必死で言葉を探そうとうつむいている彼から、そんな思いがテレビ越しに強く伝わって来た。

 一方、インタビュアーはずっと言葉を待っていたのだ。長い沈黙の途中に確か「何とか今日一言でも」みたいな言葉で、彼の言葉を引き出そうとしていた。もちろん、インタビュアーは選手の言葉を伝えるのが仕事であり、引き出そうとするのが使命かもしれない。

 けれど、その長い沈黙が言葉以上に雄弁に彼の思いを語っているではないか。なぜそれを感じとってあげないのだろうか。インタビュアーは選手と相対して会話をすることのみが仕事では無い、と僕は思う。時には代弁者として選手に寄り添う事も必要ではないか?今日のインタビューでは「何とか一言でも」みたいな言葉ではなくて、「今の沈黙に〇〇さんの中に去来する様々な思いが凝縮されているのが伝わってきました。ありがとうございます。そしてお疲れさまでした!」と、言葉を待っているかもしれない視聴者と言葉に詰まっている彼を繋ぐことが出来たはずだ。

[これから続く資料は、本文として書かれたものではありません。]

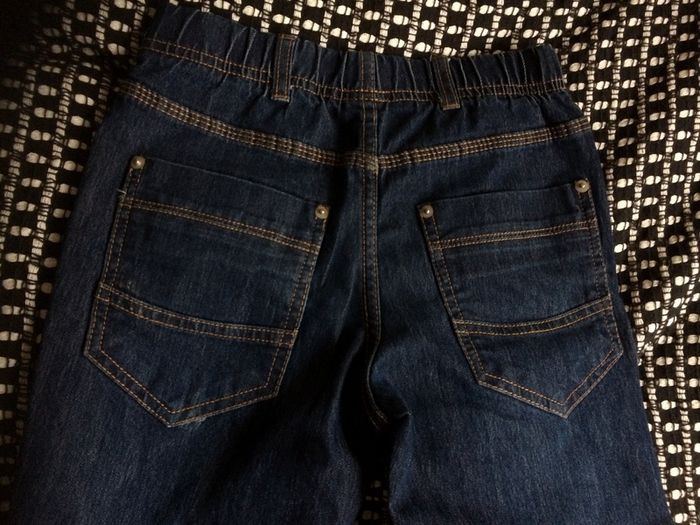 Boys jeans size 7 years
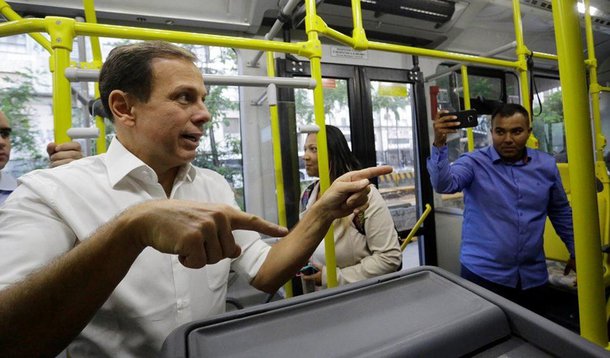 Prefeito de São Paulo, João Doria (PSDB), anunciou que irá acabar totalmente com os cobradores de ônibus na capital paulista até 2020; "Não faz sentido no século 21 preservar cobradores em ônibus. Nenhuma cidade civilizada do mundo tem cobrador dentro de ônibus e isso representa um custo altíssimo [R$ 800 mi/ano]. Nosso entendimento é que isso vai ser feito ao longo desses quatro anos, gradualmente", avisa; em entrevista à Folha, Doria reconheceu que errou no tratamento com os grafiteiros; "Deveríamos ter tido o cuidado de pedir aos grafiteiros para nos acompanhar naquela ação. O grafiteiro é um artista. Eles se sentiram violentados e tinham razão"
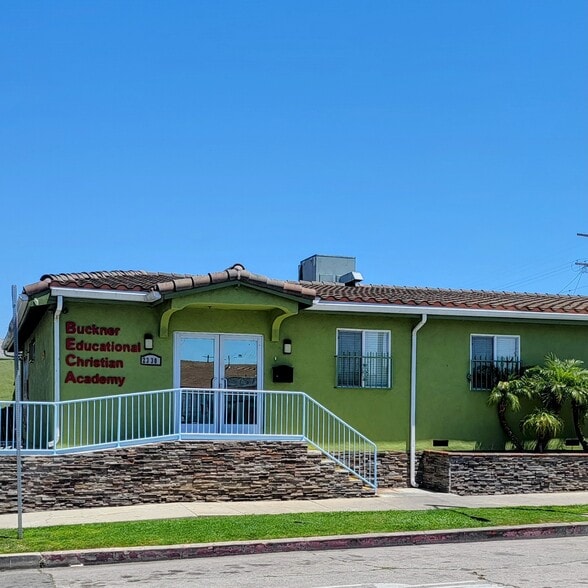 More Photos Of 2400 W Florence Ave, Los Angeles Freestanding For Sale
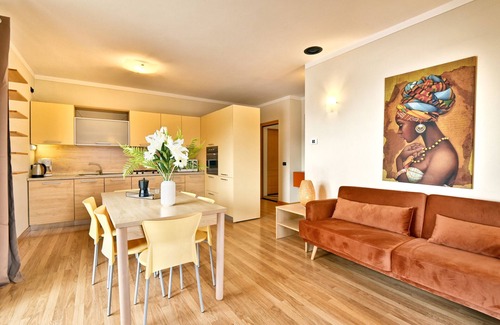 Oldesio Apartment | Casa Azzurro Lago by Theater Home - with marvellous lake view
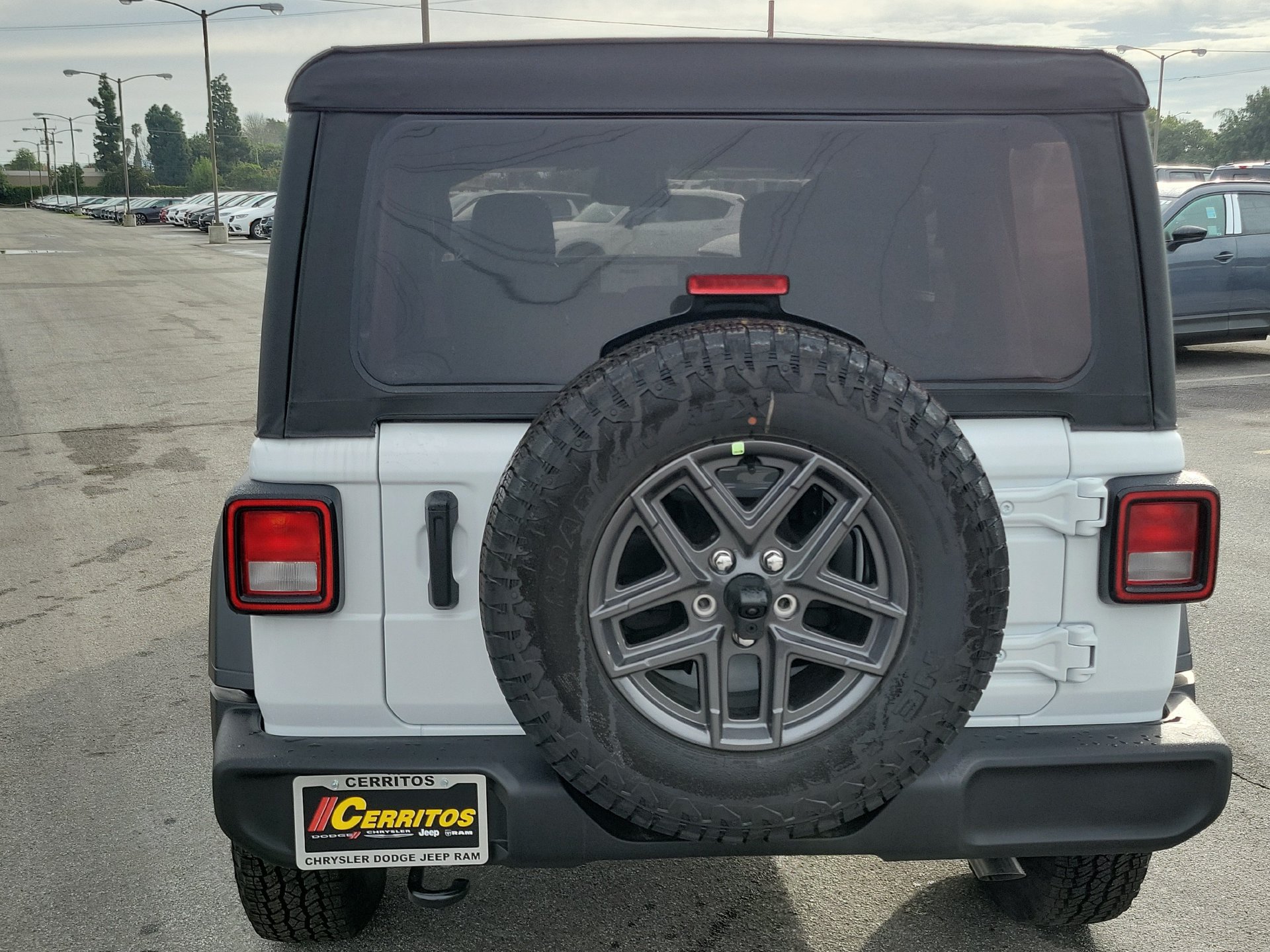 New 2026 Jeep Wrangler Unlimited Sport AWD/4WD image 16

 ましてや、競技は空手の「型」である。陸上の短距離100mや野球のような爆発的、瞬発的な力を表現するスポーツとはかなり異なる。己との対峙、見えない相手に対する空手を見せるという、精神的に内側に入っていくことで己を高める種目なのだ。おのずと、この競技に身をおく選手がどのような日々を送り、どのような思考を構築していくかは一目瞭然である。手足の先、もしくはその先の見えない部分まで配慮するような世界に常住している人に繊細なアプローチが必要であることは、自明だ。

 であるからして、申し訳ないが今回のインタビュアーは非常に「無粋」であったと言わざるを得ない。オリンピックに限らず、この手のインタビューが良く見受けられることが残念だ。プロ野球でよくある「打った瞬間、どう思いましたか?」「抜けろと思いました」といったテンプレートのごときやりとり然り。はっきり言って、陳腐過ぎる。

 インタビュアーの皆さん、冒頭のタイトルについて今一度良く考えて欲しい。